Monday, October 9, 2023

LEAVE SOME FOOTPRINTS

  I feel obligated to write, write something, anything. I’ve been doing it so many years it’s like brushing your teeth; if you skip for any reason and get by without a consequence, that oversight doesn’t go unpunished for long. Gazing at a blank page with no ideas is like dialing 911 and nobody answers. One alternative is skipping over to YouTube to watch music videos, the feeling is as good as scratching an itch but the fix is short lived. 
My blog’s website provides some indirect feedback on how many hits each article gets but it’s not reliable and I accept that. But I’ll never know for sure if anyone and certainly not who does drop in. I don’t get comments as the process is too complicated (register & sign in required). That’s alright, I’m not fishing for feedback I just need to follow through on my end. I think of each post (article) as a little time capsule that captures me (my thoughts) in that moment. By themselves they are no more than snapshots but in the collective you get a story that may wander and stumble but a story never the less.
 A single post may be more interesting or revealing than another but when you look back to see where you came from and how you got here, it helps that you left some footprints. For any other purpose my preoccupation with writing and the blog must be irrelevant but it gives me something to do if not a job. 
I went to church yesterday: that, coming from me almost requires a disclaimer. Unitarians work diligently to justify their (our) claim to be a legitimate religion but Christians in general presume we are just another denomination who share their fundamental beliefs. What we are in fact is a community of Humanists who fashion our own rituals and ceremony that fit a secular belief system. For the most part we believe that we were born with everything we need to meet our spiritual need and didn’t need to be saved in the first place. If you like the idea of an all powerful, all knowing, supernatural god then you would feel out of place at our place. Anyway: our sermon yesterday was about justice, what’s fair and why society only pays attention when an exclusive group has been treated unjustly.
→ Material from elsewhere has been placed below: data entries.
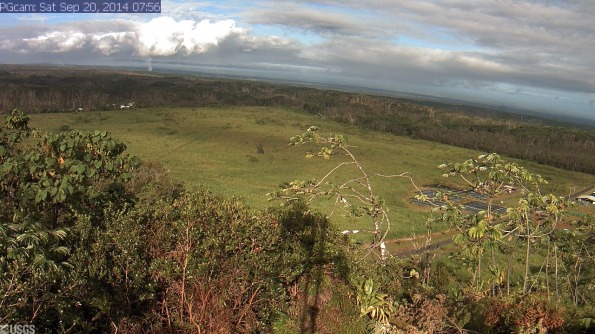 Webcam image taken at 7:56 a.m. Saturday (Sep 20) of Kilauea's June 27th Flow and the Lower East Rift Zone. The camera is positioned near Kapoho looking Northwest. From left to right on the horizon, one can see Puʻu ʻŌʻō vent near the left edge of the image, the gas plume from Halemaʻumaʻu crater (when clear enough), with Mauna Loa and Mauna Kea farther to the right. The advancing front of the June 27th lava flow is burning vegetation and sending smoke aloft in the left center of the image. Photo courtesy of USGS/HVO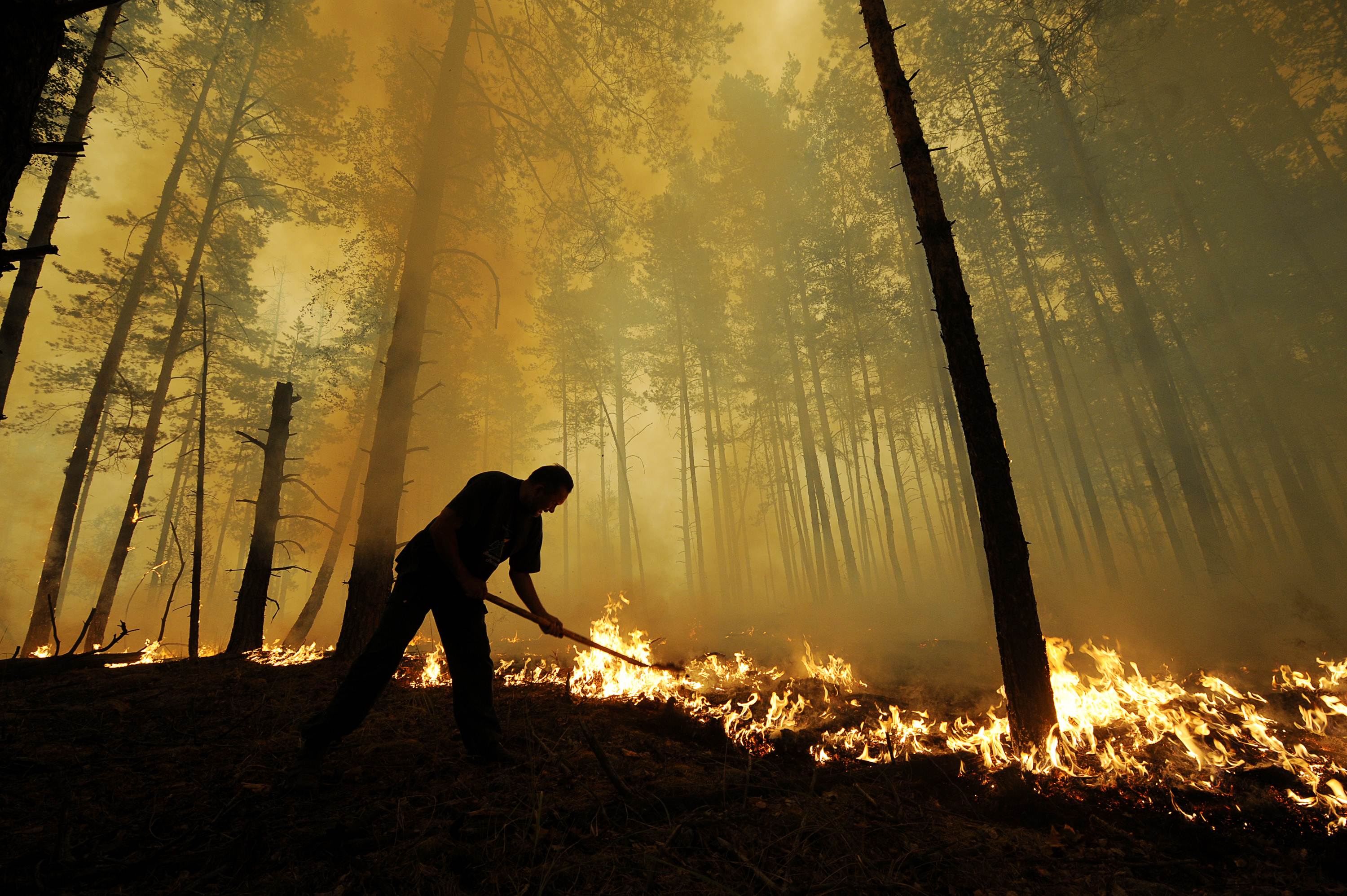 (FILES) This file photo taken on August 05, 2010 shows a Russian trying to stop fire near the village of Golovanovo, Ryazan region. Russia's practice of leaving massive wildfires to burn out of control in sprawling stretches of Siberia puts at risk a key global resource for absorbing climate-warming emissions: its trees. / AFP PHOTO / Natalia KOLESNIKOVA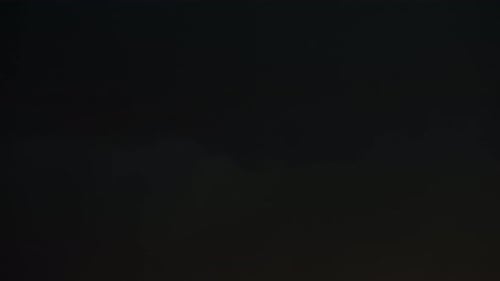 Lightning Strikes on a Dark, Cloudy Night Sky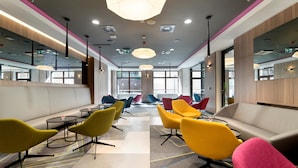 A modern waiting area with colorful chairs, a sofa, and a large geometric light fixture.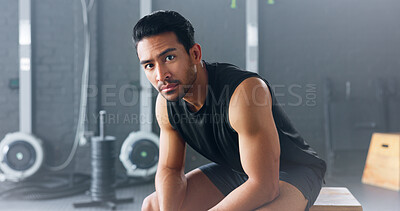 Buy stock photo Bodybuilder, portrait and man in gym thinking of fitness, training or healthy exercise and sports. Asian, athlete and serious motivation for wellness, goals or workout in club for mental health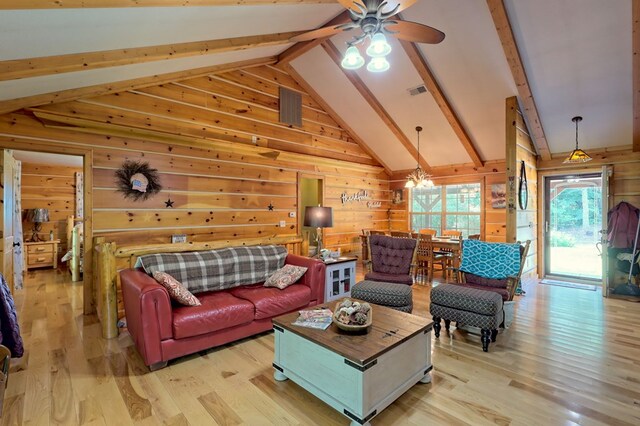 living room with vaulted ceiling with beams, wooden walls, and light wood-type flooring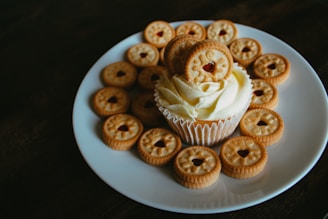 A cupcake with white cream frosting is topped and surrounded by several small round cookies. The cookies have a heart-shaped cutout in the center revealing some red filling. The arrangement is placed on a simple white plate against a dark background.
In that sermon, a quote that MLK Jr. borrowed in 1968 goes; “The arc of the moral universe is long but it bends toward justice.” Too much content for me to dwell on here but one thought is that we may not live long enough to see justice done our time. But MLK Jr. and his cohorts recognized the far reaching scope of just practice and just how short the span of a human lifetime. Parallels were framed between civil rights leaders in the 1960’s and Mahatma Gandhi from non violent protest to relentless persistence. I thought it interesting (from my own reading) that one of today’s hot issues was anticipated by Dr. King. In the same speech, same language, he alluded to staying awake (be alert) in the struggle because every small (seeming irrelevant step forward) could be undone by the entrenched powers that be. George Floyd’s murder in Minneapolis triggered the (Woke) movement but King had seen it coming and true to his caution, organized white supremacists in particular, they have been empowered by MAGA bigots who are showing their true colors now (White only served here.) 
As much as I like and respect Unitarian’s Humanist roots I am not well rooted there. To make that leap I would need to be better schooled in the arc of the moral universe, to see it starting to bend toward justice even a little bit. I am better schooled in evolution and human nature. I have trouble getting past the long arc of violence and exploitation by people of high birth and power, against those people who are vulnerable, who are in harm's way. I am waiting for the moral arc to budge off of its bubble. We (Humans) have the capacity to make real what has been touted as a divine sensibility in regard to each other and particularly with those who struggle. It would gravitate from the ground up but at some point that thin slice of divine nature would have to break the surface. In college I was reminded often, dozens of times every year; “Frank you have great potential.” That stroke of confidence was always followed by a pregnant pause and, “But don’t forget that potential is the list of all the things you haven’t accomplished yet.”  In that context I am waiting for the arc to bend, even just a little bit before I jump both feet on the Humanist band wagon.